As long ago as 2000, the European Commission’s Scientific Committee of Animal Welfare and Animal Health (SCAHAW) in a comprehensive report (The Welfare of Animals Kept For Fur Production) concluded and recommended that ‘Since current husbandry systems cause serious problems for all species of animals reared for fur, efforts should be made for all s
pecies to design housing systems which fulfil the needs of the animals.’ Since the publication of the report the fur factory farm industry has ignored the central criticisms and recommendations and the conditions endured by the animals they breed, rear and kill remain largely the same: ‘The animal welfare in fur farming has shown little improvement over the last 15 years, despite the use of disproportionally large official resources both on research and inspection’ (Norwegian Veterinary Association, 2015).

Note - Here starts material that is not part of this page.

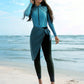 Color Block Patchwork One-Piece with Skirt Swimwear Set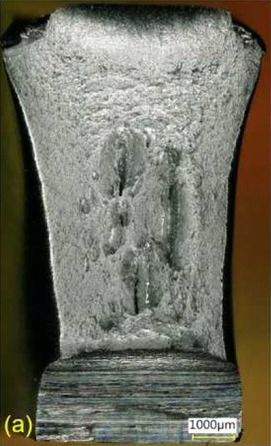 Obr. 6 Vzorek 50A-11 po expozici 30 MPa, 1000 h: (a) celkový pohled na lomovou plochu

The truth is, the push to increase animal welfare and ethical and environmental concerns have led eight European countries to outright ban fur farming in recent years: UK and Northern Ireland (2000), Austria (2004), Croatia (2006), Bosnia and Herzegovina (2009), The Netherlands (2013), Slovenia (2013), Republic of Macedonia (2014) and Spain (2015). Five more countries – i.e. Germany, Czech Republic, Belgium, Norway and Luxembourg – are currently having parliamentary debates about fur farming ban proposals. These bans are based on scientific research, the public interest and ethical grounds.
A statement of the Dutch Ministry of Economic Affairs on fur farming in 2016 shows that the public opinion against fur farming is reflected by law in an increasing number of countries:
‘Causing suffering and taking the life of an animal for a non-essential and even trivial reason cannot be morally justified. It contravenes public morality in the Netherlands.’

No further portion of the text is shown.